Does it make sense to write $ a \bmod n$? Most pages I see write $ a \equiv b \bmod n $, meaning two numbers leave same remainder when divided by $n$. I am trying to understand the meaning of the first, does it simply mean remainder of $a$ when divided by $n$?
If the above is correct, then which is the correct notation $ 3 \bmod 2= 1$ or $ 3 \bmod 2 = 1 \bmod 2$?
$a\bmod n$ means exactly what you suggest:
The unique value $b \in \{0,1,2,...n-1\}$ such that $a \equiv b\bmod n$.
Equivalently, it's the canonical representative of the equivalence class of $a$ modulo $n$.
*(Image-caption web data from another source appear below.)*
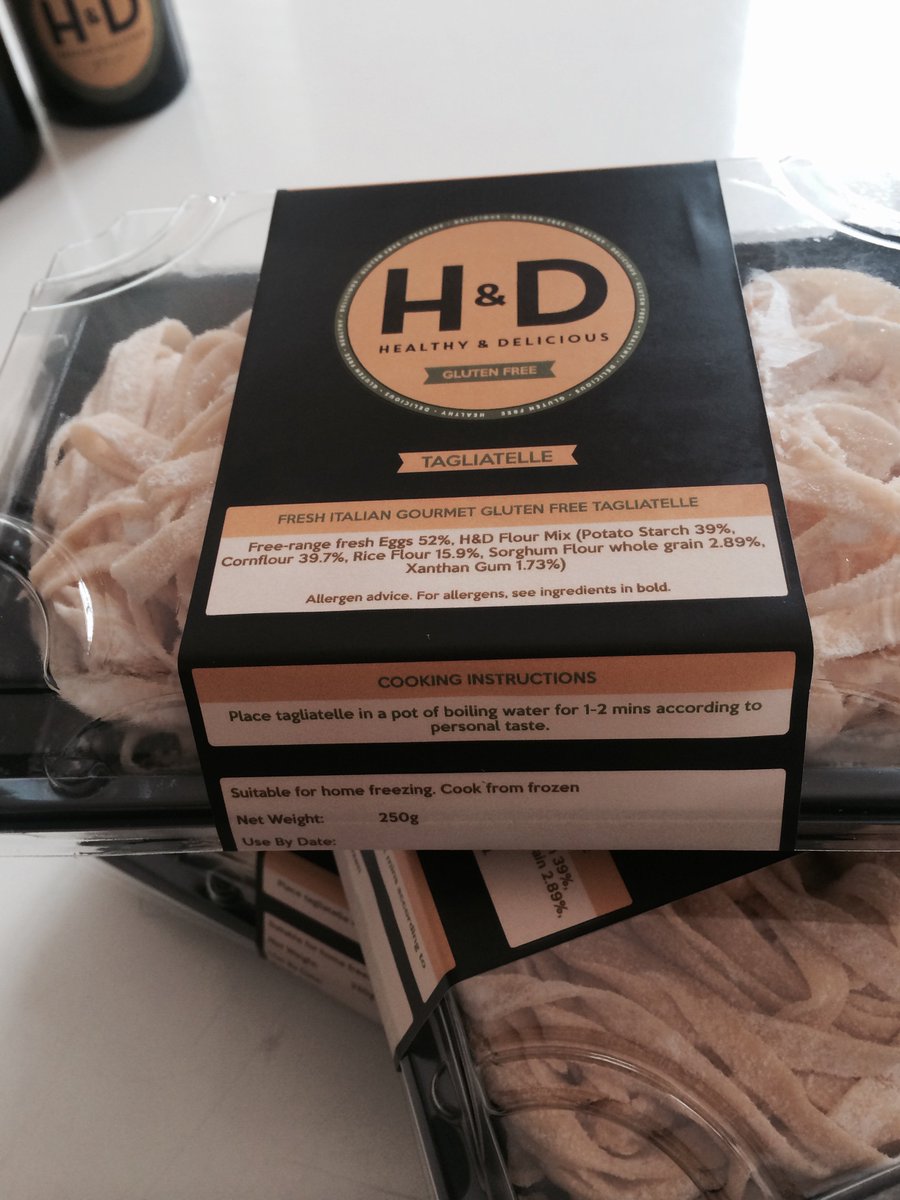 Wish us luck! It's the <a href="/FFFoodAwards/">Free From Food Awards</a> #FFFA17 tonight &amp; our #glutenfree fresh tagliatelle is shortlisted in the Pasta &amp; Pizza category 🤞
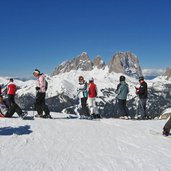 Skigebiet Sellaronda Sellarunde Canazei Lupo Bianco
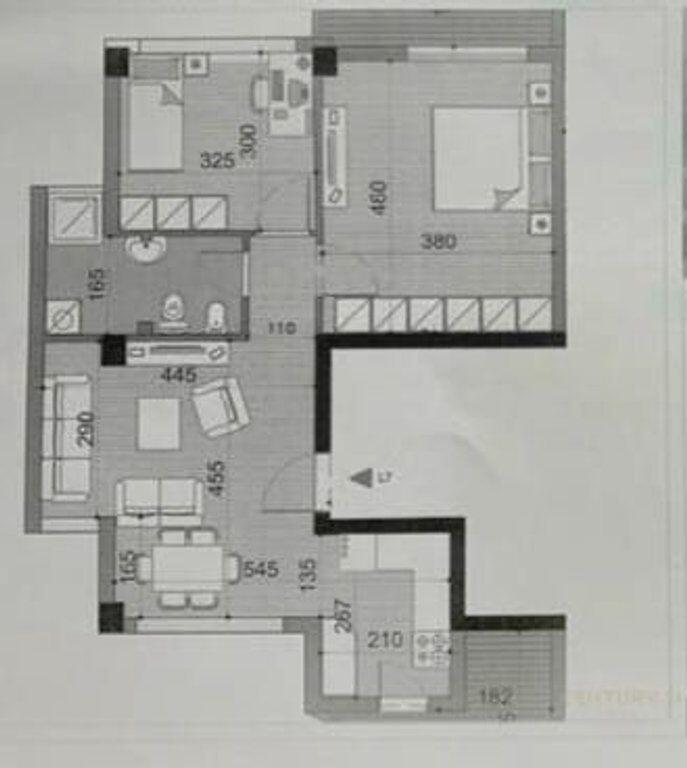 Shitet apartament 2+1+2 Ballkone në zonën e Liqenit të Thatë, pranë Hotel Radisson.
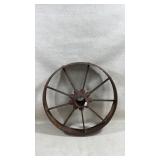 16' antique metal wagon wheel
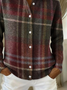 Women's Retro Plaid Casual Collared Button-Up Cardigan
Addition modulo $n$ is basically an equivalence relation on $\mathbb Z$ (the set of integers). Let me define the equivalence relation here:
Let $n\in \mathbb Z^+$. On $\mathbb Z$, define a relation $\sim$ such that for all $a$ and $b$ in $\mathbb Z, a\sim b$ if and only if $n$ divides $(a-b)$.
Verify that this this relation $\sim$ is reflexive, transitive and symmetric. In more words, $\sim$ is equivalence relation on $\mathbb Z$.
What is the equivalence class of $a\in \mathbb Z$? It's precisely the set $\{a+kn:k\in \mathbb Z\}$, which is denoted by $[a]$ so called equivalence class of $a$ under addition modulo $n$.
So if $[a]=[b]$, then we mean that equivalence class of $a$ and $b$ are the same and it is possible if and only if $a\sim b$ that is when $n$ divides $(a-b)$. It is this fact that is usually denoted by: $a\equiv b \bmod n$.